Female President of the American Physical Society, elected in 1975;

Person selected to receive the Wolf Prize in Physics in its inaugural year of 1978.

Wu was one of the first Chinese-American educators to travel to Red China for visits in the 1970s. She also was the first living scientist to have an asteroid (2752 Wu Chien-Shiung) named after her.

Honors

Wu won numerous honors and recognitions:

Member of the National Academy of Sciences (elected 1958)

Research Corporation Award 1958

Achievement Award, American Association of University Women 1960

John Price Wetherill Medal, The Franklin Institute, 1962

Comstock Prize in Physics, National Academy of Sciences 1964

Chi-Tsin Achievement Award, Chi-Tsin Culture Foundation, Taiwan 1965

Scientist of the Year Award, Industrial Research Magazine 1974

Tom W. Bonner Prize, American Physical Society 1975

National Medal of Science (U.S.) 1975

Wolf Prize in Physics, Israel 1978

Honorary Fellow Royal Society of Edinburgh

Fellow American Academy of Arts and Sciences

Fellow American Association for the Advancement of Science

Fellow American Physical Society

At the time of her death, Wu was Pupin Professor Emerita of Physics at Columbia.

Chien-Shiung Wu Memorial Hall

Chien-Shiung Wu has a life long relationship with her alma mater SEU. When she first came back to China mainland from USA in 1973, she payed a visit back to the campus where she studied in her 20s. On July 6th, 1992, both Wu and her husband Yuan joined the celebration of SEU's 90th anniversary. In order to honer this outstanding female alumna, the university named a building Chien-Shiung Hall and a laboratory Chien-Shiung Laboratory. The couple donated 1million dollar to initiate a scientific lecture foundation, which aimed to finance lectures from world-class physicists.

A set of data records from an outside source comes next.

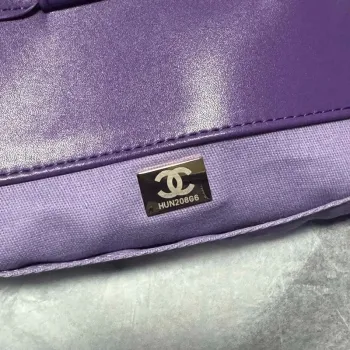Chanel AS3351 Shopping Bag Shaded Calfskin & Silver Tone Metal Purple, Blue & Dark Blue
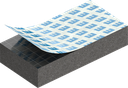 Zellgummi  6 x 15 mm, EPDM schwarz dehnungsfrei und selbstklebende Montagehilfe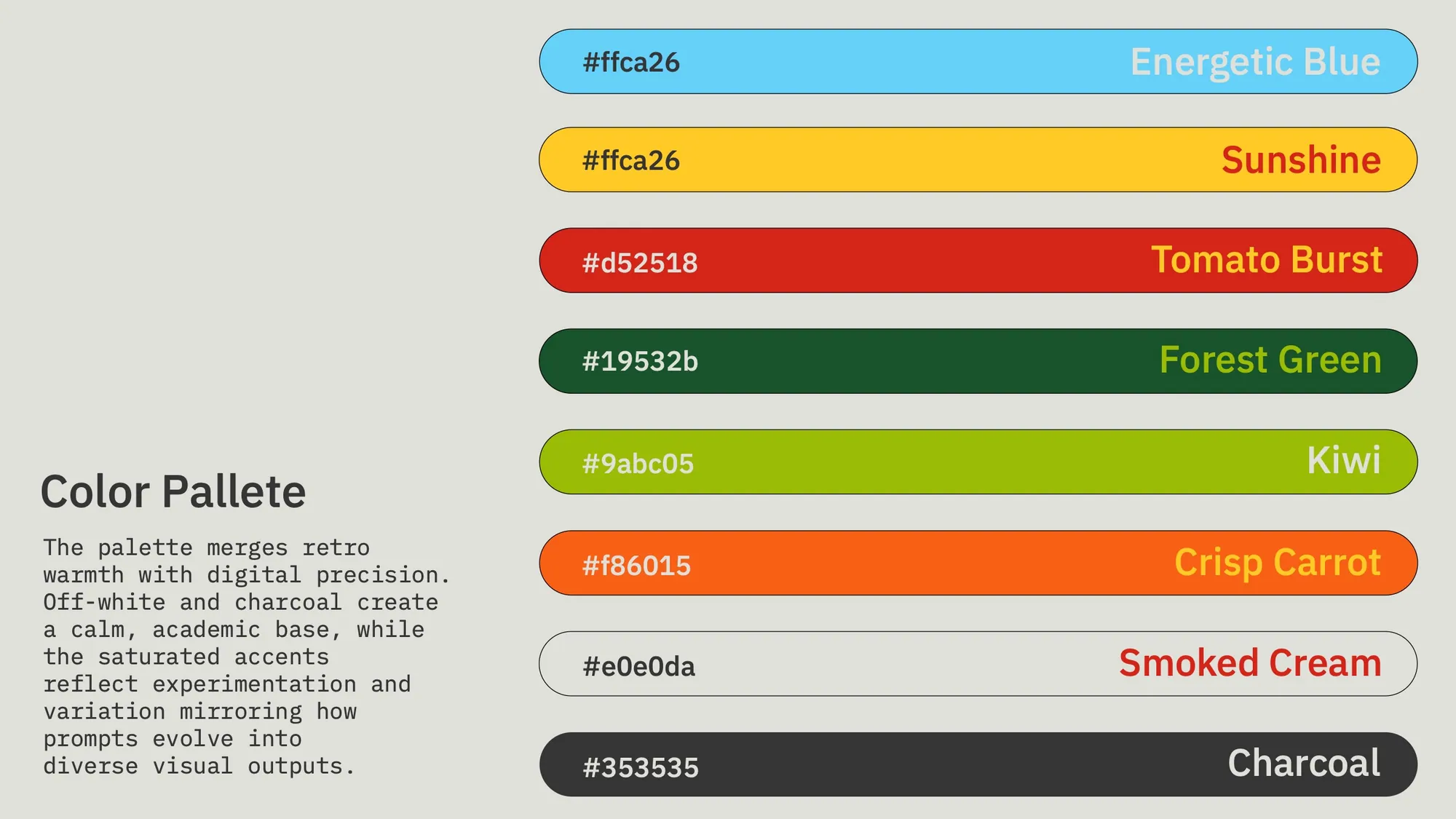 The colour palette as eight rounded bars, from Energetic Blue to Charcoal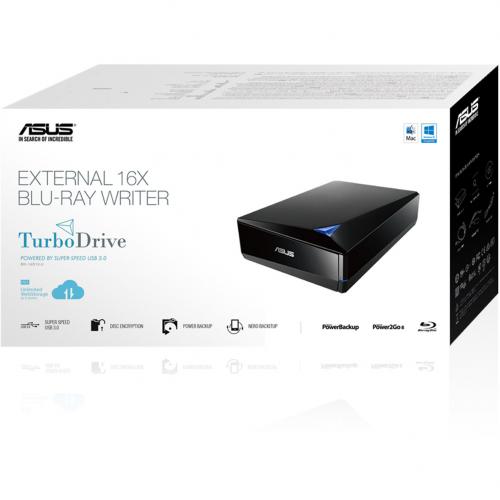 Asus Turbo Drive BW 16D1X U Blu Ray Writer   External   Black Alternate-Image2/500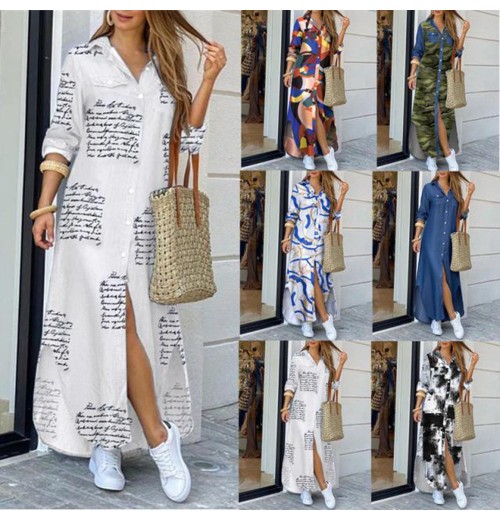 Top Selling Blouse Dress Spring Summer Fashion Casual Long Dress Plus Size Women'S Clothing S-5XL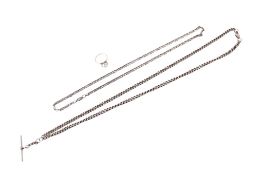 Three pieces of silver jewellery.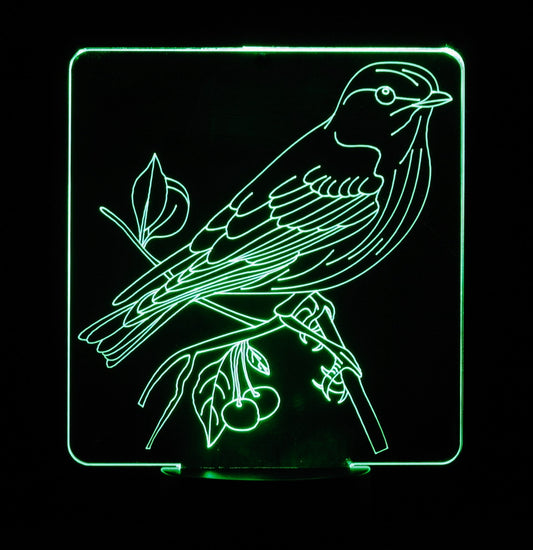 Sparrow on Branch 3-D Optical Illusion Multicolored Lamp
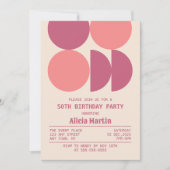 ミッドセンチュリーモダンレトロ幾何学的ベージュ誕生日 招待状 (正面)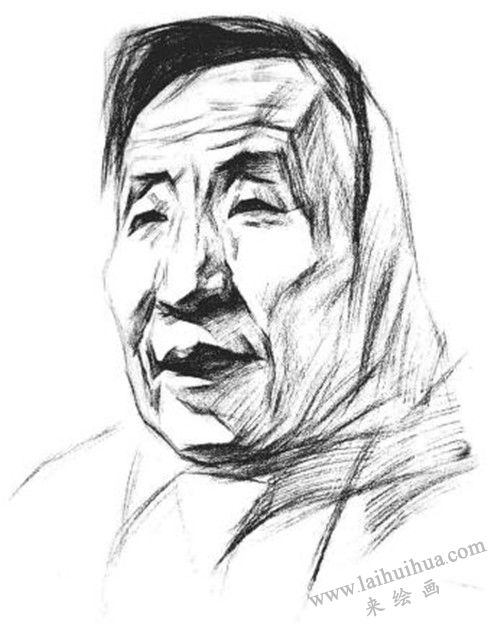 素描戴围巾的老年女子肖像画法步骤 四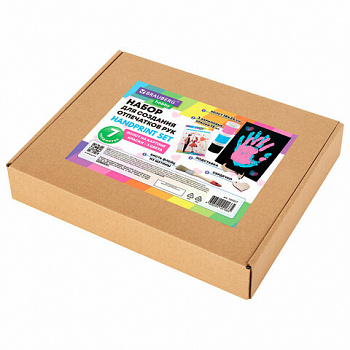 Набор отпечатки рук: холст 18х24 см, акрил 3 цвета, кисть + сертификат и подставка В ПОДАРОК! BRAUBERG HOBBY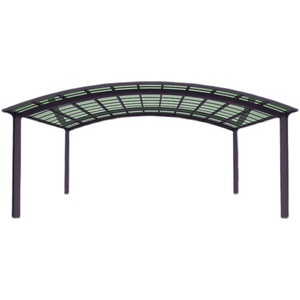 Abri de voiture moderne en acier à toit plat, imperméable, avec structure thermolaquée, pour 2 voitures, abri de stationnement extérieur - Product Image 4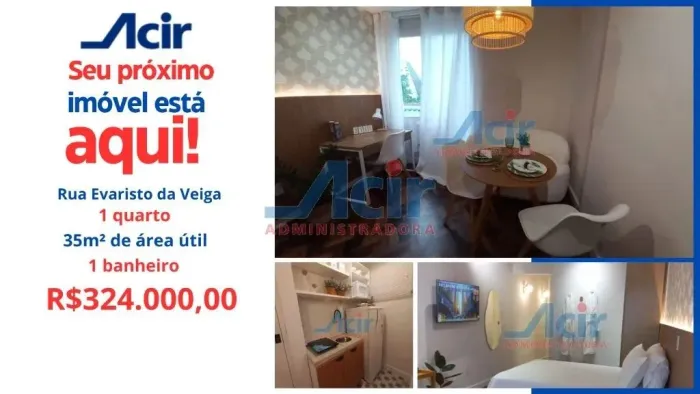 Conjugado mobiliado para venda, 35m² por R$ 324.000,00 - Centro - Rio de Janeiro/RJ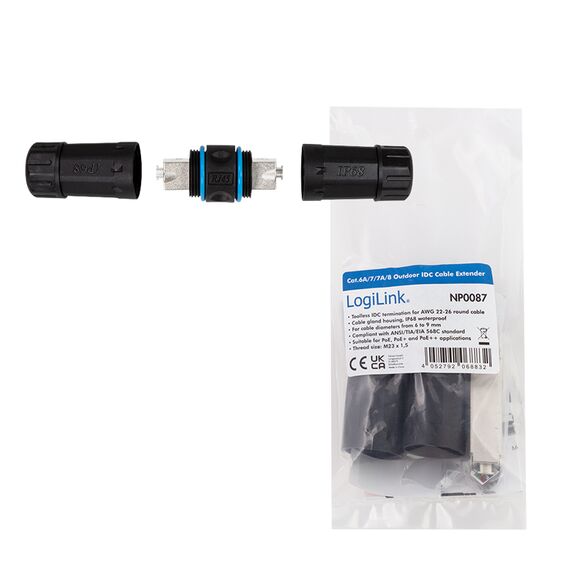 LogiLink Outdoor IDC extender for Cat.6A, Cat.7, Cat.7A  | NP0087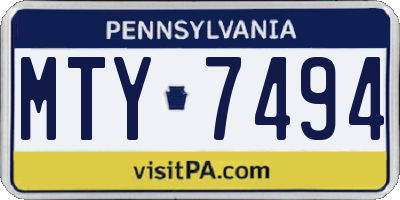 PA license plate MTY7494
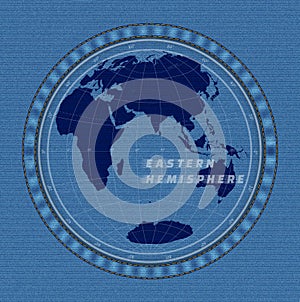 Vector of World Map Globe on the Blue Denim Texture Background, EPS 10
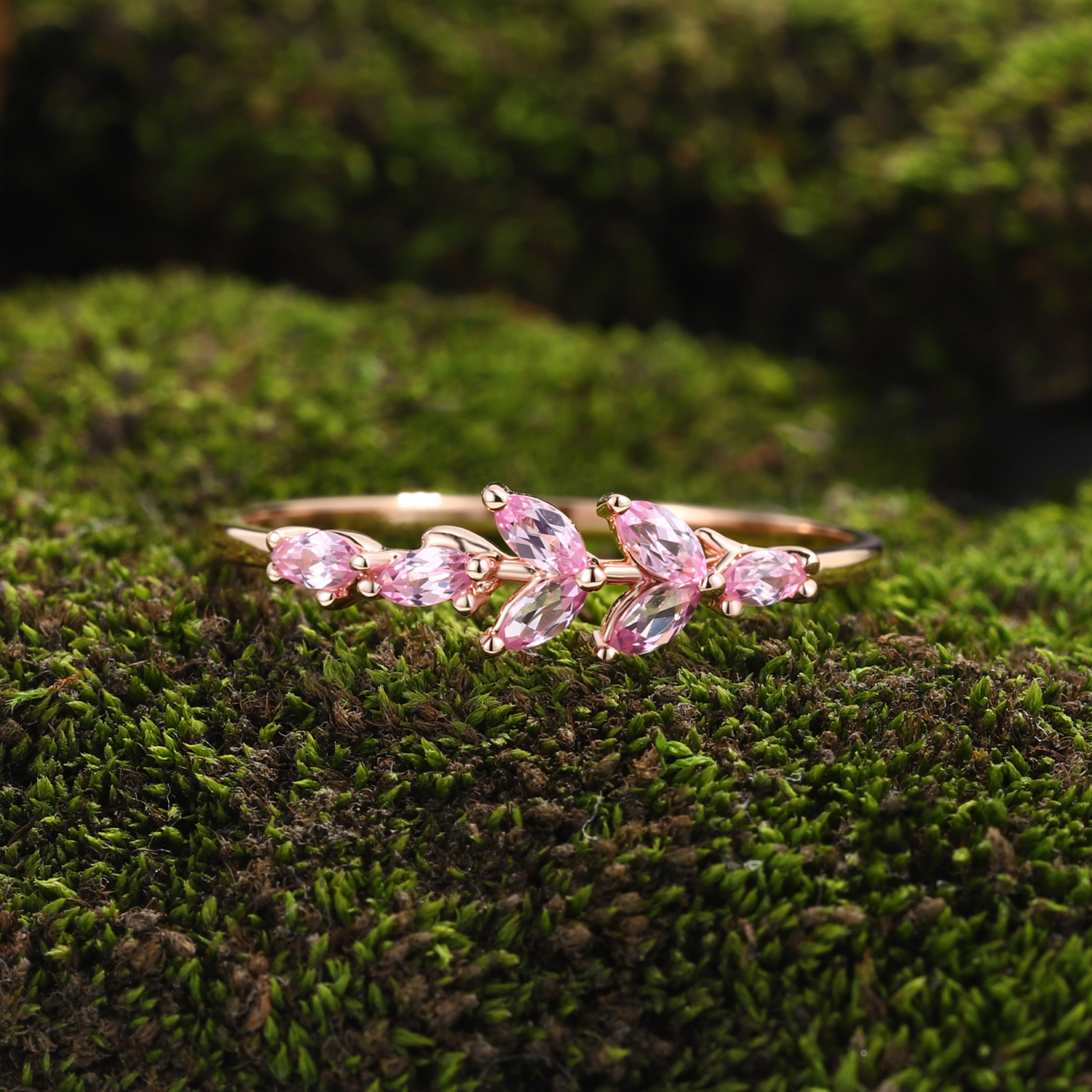 Lucky Gemstones | Marquise Lab Grown Pink Sapphire Wedding Band | Sapphire Cluster Rose Gold Band | Natural -Inspired Design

On February 16th, 1997, the beloved lady departed from the world forever. With deep love and respect for the outstanding alumna, SEU started to construct  Chien-Shiung Wu Memorial Hall. By the end of 2000, the first batch of Wu's relics were shipped to China. Yuan, Her husband delivered them to the university with sincere tears. Finally, I have brought her belongings back to her motherland, to her beloved alma mater. I have accomplished my dream. Yuan said. On February, 2002, Columbia University donated 88 boxes of her manuscripts and  personal letters to SEU.  

The four-storey memorialhall showed the medals, certificates she won, the papers, books, paintings, and other stuff she collected, the dresses, desks and  jewelries  she loved as a lady, and the equipment she used for scientific experiments. She was  known through the showpieces, not just as a physicist, but as a brave, outgoing, persistent person.

Nowadays, hundreds of visitors come to the memorial hall everyday, Wu is memorized and admired by  scientific workers, teachers and students from China, and the whole world.